Just over 2 months ago I had knee surgery on my right side for a torn medial meniscus.  I had a repair surgery as opposed to a meniscotomy.  It's a tougher recovery, but it is better in the long run because you get to keep the whole thing in tact.  Basically, it was sutured back together as opposed to a simple removal of the damaged piece.

I was on crutches for 6 weeks and unable to drive.  As well, I had to almost constantly elevate my foot for about the first month or it would well pretty badly.  I did nothing but sit on my ass for about a month, save for my PT sessions.  The last week or two I started doing pushups, pullups, and other bodyweight stuff in my room a little bit.  Needless to say, I got a little smaller, weaker, and softer.

I was so happy to get back to the gym, but the point of my story is that my goals are perhaps a bit different in some ways than in the past.  A few things I want to do:


Get my upper body strength back to where it was by the end of the year, and preferably higher than that.

Get my lower body strength back to where it was by the end of this coming winter (Hopefully the size of my right quad/leg too; fucking atrophy).

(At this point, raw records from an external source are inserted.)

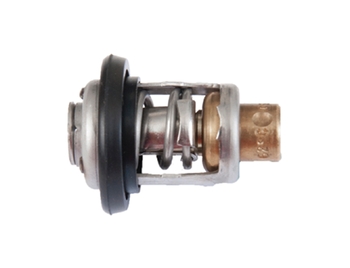 Thermostat Honda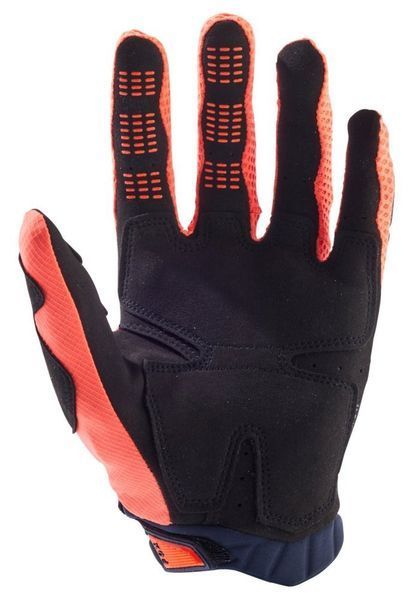 Перчатки FOX PAWTECTOR GLOVE [Orange], L (10) 31328-425-L фото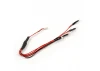 FTX Mini Outback 2.0 LED Light Set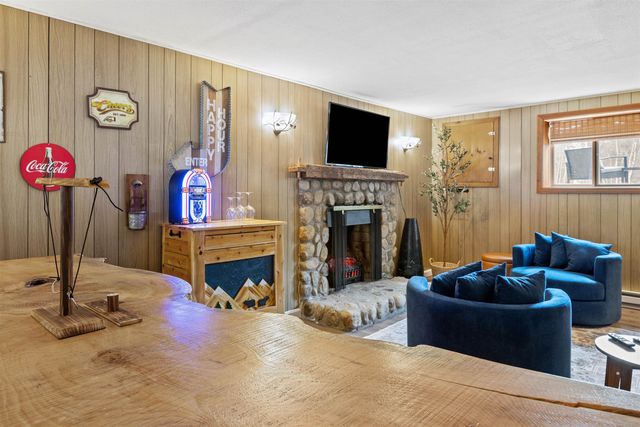 315 Allard Farm Circuit, Conway, NH 03860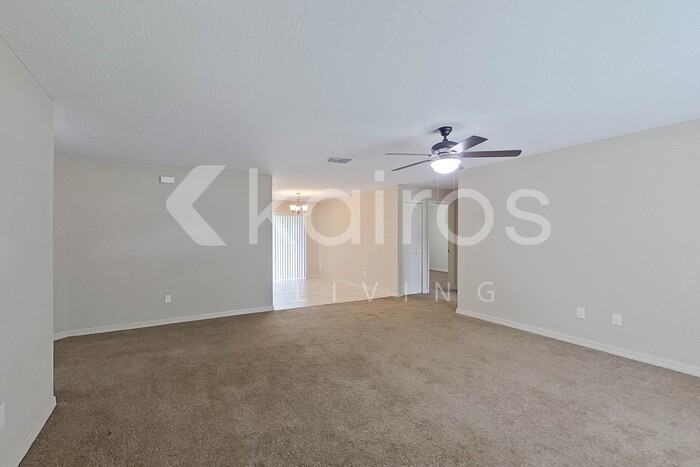 13691 Sw 43rd Cir - Photo 5 of 29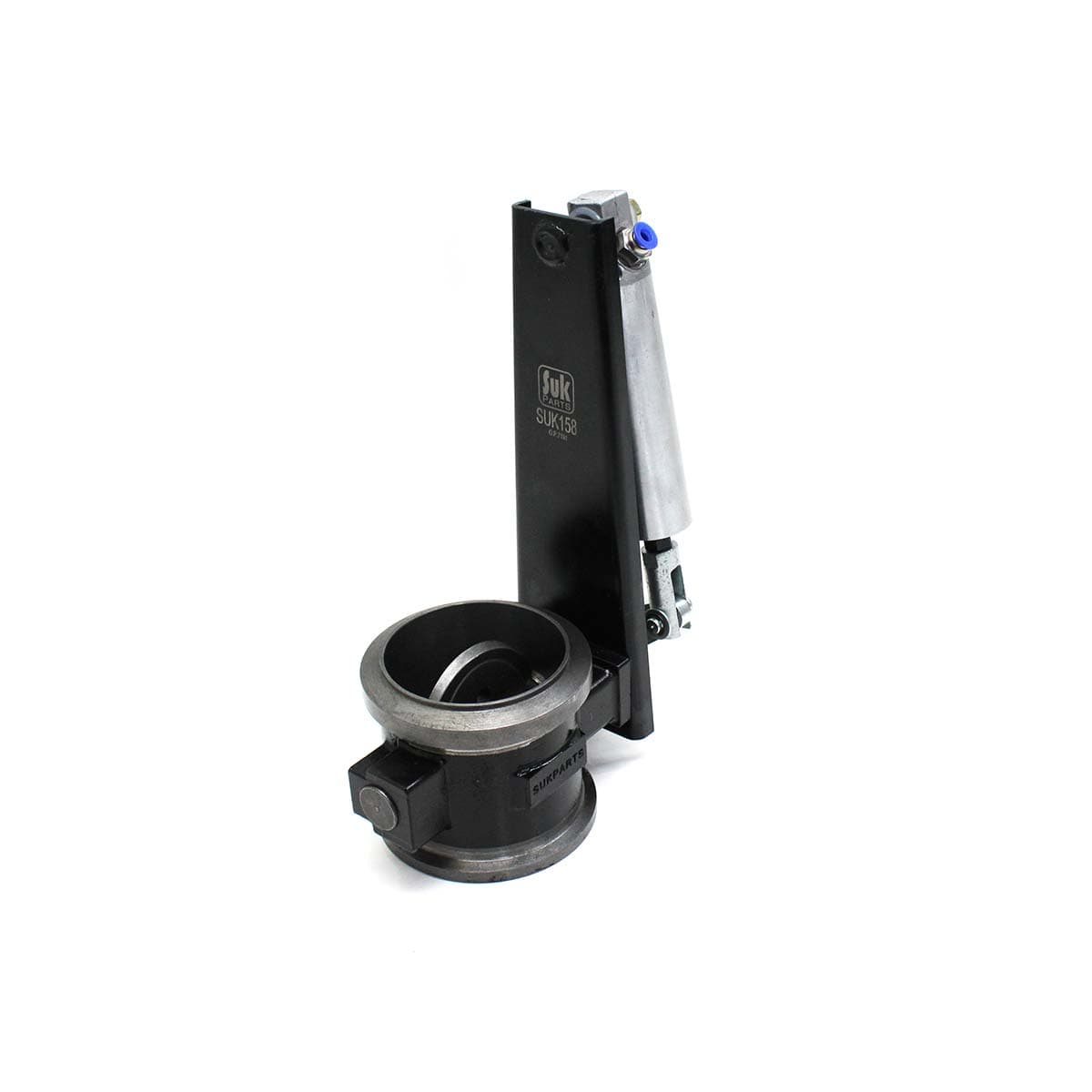 CONJUNTO FREIO MOTOR VW CONSTELLATION VW 17250E/24250E/25320E/19320E/31320E/17180E/17220E/24220E - SUK158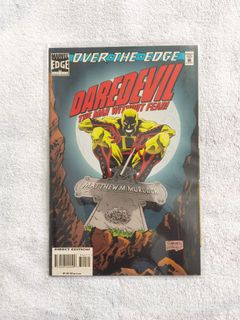 (Category: ) located in . Submitted by collectors.library (Listing ID 1249306173, Image 1). Description: .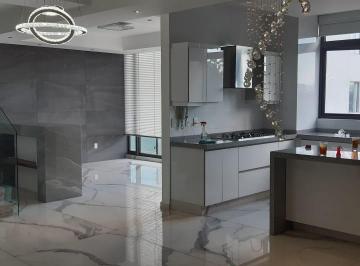 Departamento de 2 habitaciones, Tlalpan · Departamento en Venta en Parques del Pedregal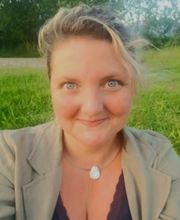 Nutrition-Santés Ô Naturel Bild 3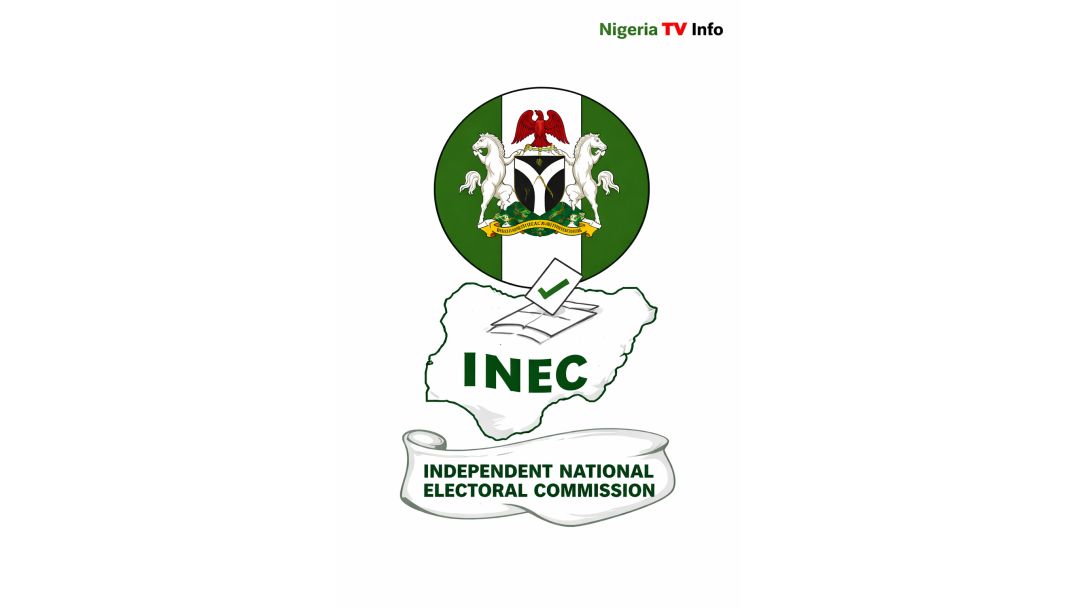 INEC Dọrọ ADC Aka Ná Ntị: Elegharala Iwu Ụlọikpe Anya, Ọ Ga-eweta Nsogbu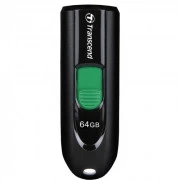 USB3.0 64GB Transcend JetFlash 790C (TS64GJF790C) (UA)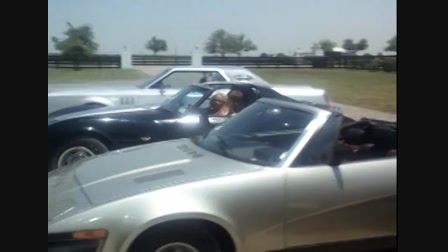 Dallas 3. évad 01. rész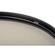 Cokin EVO Circular Polarizer: Picture 4 thumbnail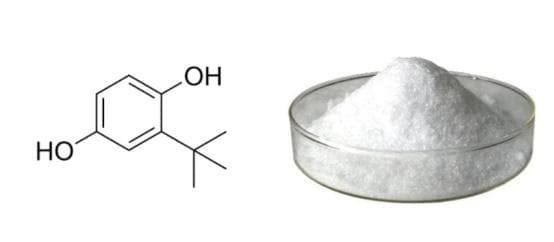 全球食品安全新视角：添加剂TBHQ跨国之路探究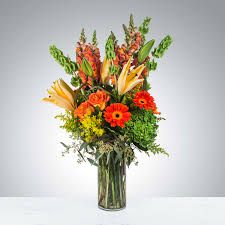 Mom weighs in is on a little more of a personal level than a gift from the heart. Buenos Dias By Bloomnation In Crandon Wi Flowers From The Heart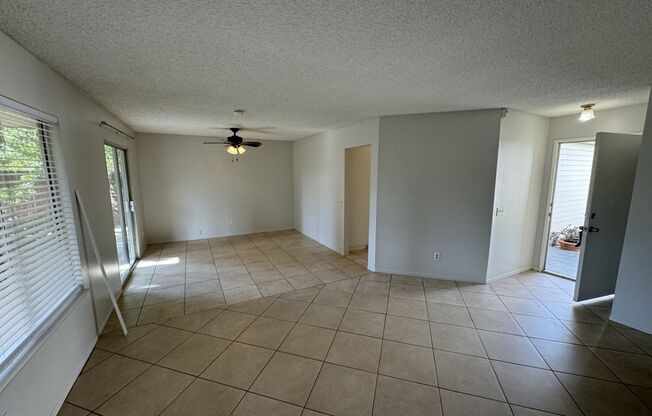 3 beds, 2 baths, $2,500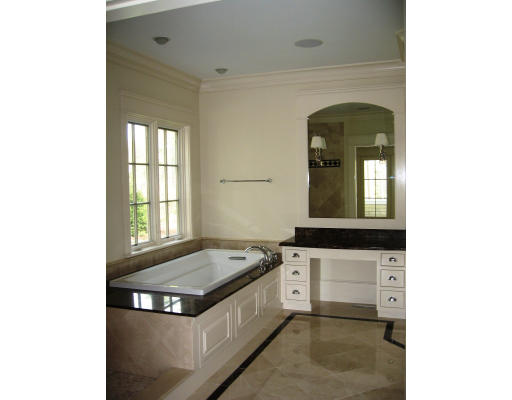 9 High Ridge Drive Mattapoisett, MA 02739 - Photo 6 of 10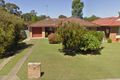 Property photo of 8 Discovery Drive Forster NSW 2428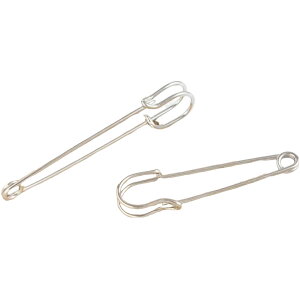  u[`s Ss 10Zbg 7.5cm ANZT[ޗ |pi Xg[s Jugs  傫Ss nhCh ANZT[  ߋ Xg[ }t[ V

Worry less about body fat right now, and more about regaining lost muscle, consuming enough calories for needed tissue recovery, and that means not worrying about carbohydrate or overall consumption too much.  I still eat pretty damned clean though.

Get better sleep.  I stopped training in the mornings, because with school starting (Today) I couldn't bare to return to going to work, going to class, and then going back to work and having no life yet again.  I now have no excuse not to get at least 7 hours a sleep most nights of the week.

After this 3 week block of training, I will start deloading every 4th week.  I excused myself for these first couple of months as I started ramping things back up and getting back into it.  I figured the several weeks of complete inactivity was more than enough time to be rejuvenated for this return.


So what have I been doing?  I recently started using Jim Wendler's 5-3-1 program.  Very basic, uses a similar setup to something I was contemplating anyway, and a pretty low volume overall.  I am doing that for my two upper body workouts, but the lower body workouts are modified a bit for now because I am not quite ready for heavy squatting and deadlifting on my right knee.  I am taking my time ramping that weight up.


Here was today's workout:

Bench Press
95x5
135x5
165x5
190x5
215x10

Seated Row
#16x2x10
#15x2x10
#14x10

DB Incline Press
75sx10
70sx10
65sx2x10

NG Face Pulls
#9x12
#10x12
#11x12


Overall these workouts have been great so far.  I never feel run down by the end, but feel like I get enough stimulation.  Honestly, my estimated 1RM on my bench press right now is pretty close to my best PR, so that's a plus.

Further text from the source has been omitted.